■ The task: All of the data that follows is to be printed exactly, without pictures.

■ Supplied data:
────────────────

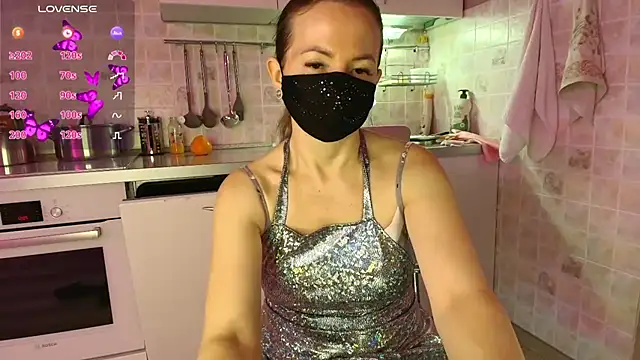 MilfeaN online show from April 7, 9:11 am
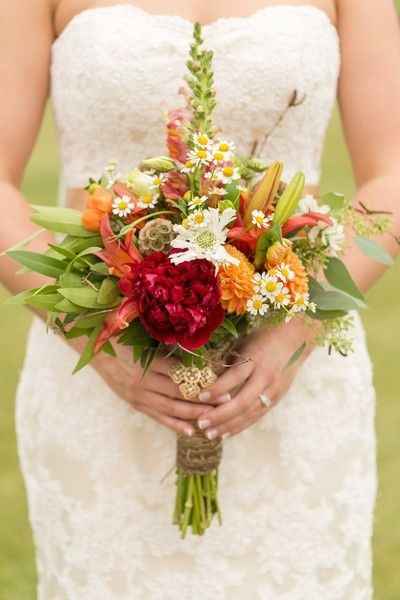 Flowers that go with white camo dress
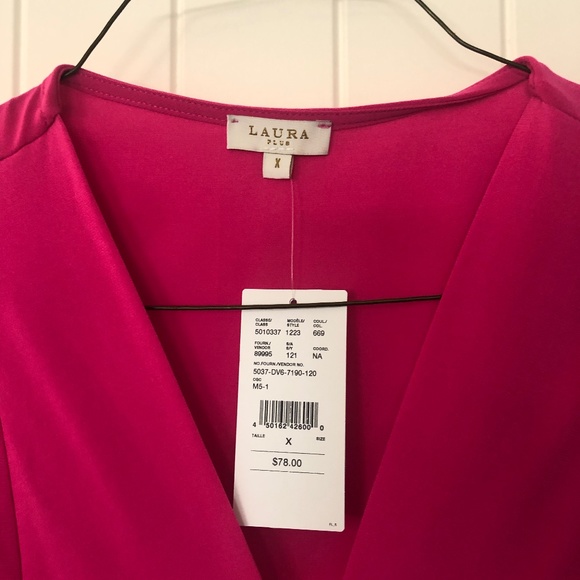 Laura NWT 1X Asymmetrical top - Picture 2 of 3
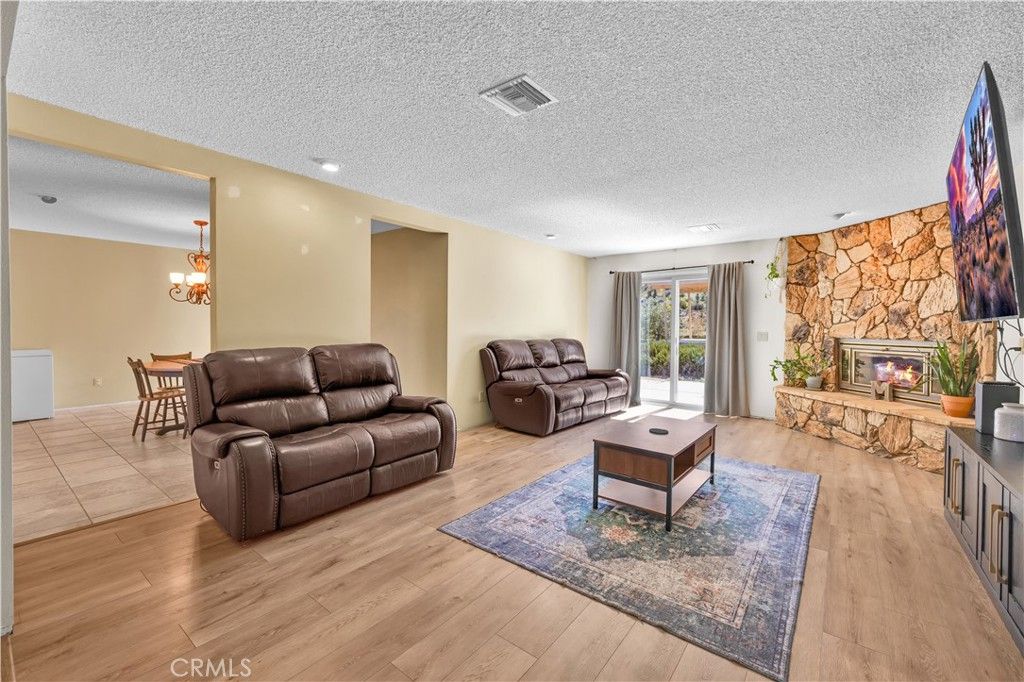 Image 4 of property listing at 56527 El Dorado Drive, Yucca Valley, CA 92284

────────────────

■ Solution for this problem:
 MilfeaN online show from April 7, 9:11 am
 Flowers that go with white camo dress
 Laura NWT 1X Asymmetrical top - Picture 2 of 3
 Image 4 of property listing at 56527 El Dorado Drive, Yucca Valley, CA 92284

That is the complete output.